I saw ‘Terminator Salvation’ last night in New York City. It was big, loud and emotionally devoid of any character or outcome I might care about. Either ‘Terminator’ 1 and 2 were far superior films or I couldn’t muster the belief that Christian Bale’s John Connor was a hero when he played a villain on the set. (Anyone who missed his infamous paroxysm aimed at the film’s director of photography can listen to it here.)

Despite my personal misgivings about the film, there are, however, a number of Jewish points of interest: One of the film’s producers, Jeff Silver, is Jewish (see Q&A below). Anton Yelchin (who plays Connor’s young father Kyle Reese) is a Russian Jew, born in Leningrad in the former Soviet Union, to figure skater parents who qualified for the ‘72 Munich Olympics but were not allowed to attend the games because they were Jewish.

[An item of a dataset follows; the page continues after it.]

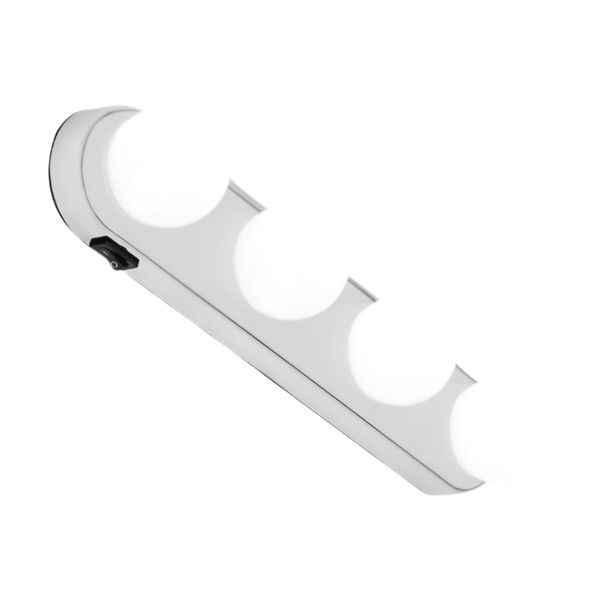 4-Bulb Vanity Mirror LED Light - Easy Setup, Bright Illumination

And, as my colleague Adam Wills discusses in his review, there are several Holocaust references in the film.

I caught up with Blockbuster producer Jeff Silver, 53, a few months ago at the 101 Coffee Shop in Hollywood. Silver has produced more than 30 feature films, including “300,” “Training Day” and his latest and biggest project, “Terminator Salvation,” the fourth installment in the sci-fi franchise starring Christian Bale. There, he talked about his first boss, Otto Preminger, Hollywood’s chronic work obsession and how to deal with megalomaniacs.

Jewish Journal: Was there an epiphany that inspired you to enter the movie biz?

Jeff Silver: My aunt gave me a little Super 8 camera for my bar mitzvah, and I thought I would use it to become Jacques Cousteau. But it wasn’t until I went to college that I thought I didn’t have to become a dentist like my father or a lawyer like the rest of the Jews.

JJ: Your first film job was working for Otto Preminger, a film giant. How’d you manage that?

JS: Preminger was this historical figure—an Austrian Jewish, Teutonic monster. He had a reputation as an ogre, larger than life, and he was completely bald. His office was at 711 Fifth Avenue, top floor penthouse, so I just decided to put on a suit and go visit him. I said, ‘I’ve got this ticket to go to Europe, I’m on my way to get a passport picture, but I’ll throw this away….’ And he replied, ‘You would sacrifice your trip to Europe? You start tomorrow! Fifty dollars a week.’ Mind you, this wasn’t the Depression—he just knew I wanted it, and he was an exploitative bastard.

JJ: Producers can do many different things. What kind of producer are you, exactly?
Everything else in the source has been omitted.